> PROBLEM DETAILS
Where a picture occurs in the data, omit it, and copy all remaining data exactly.

*** Opening of GIVEN MATERIAL ***

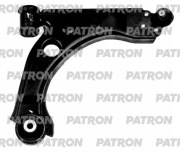 PATRON PS5165R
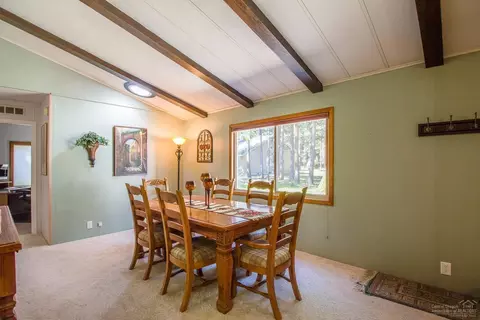 50542 Deer St, La Pine, OR 97739 photo 8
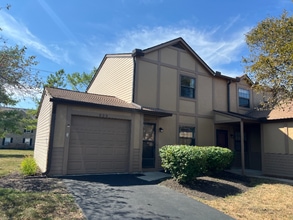 Building Photo - 655 Alta View Ct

*** Close of GIVEN MATERIAL ***

> RESULT OF THE TASK
 PATRON PS5165R
 50542 Deer St, La Pine, OR 97739 photo 8
 Building Photo - 655 Alta View Ct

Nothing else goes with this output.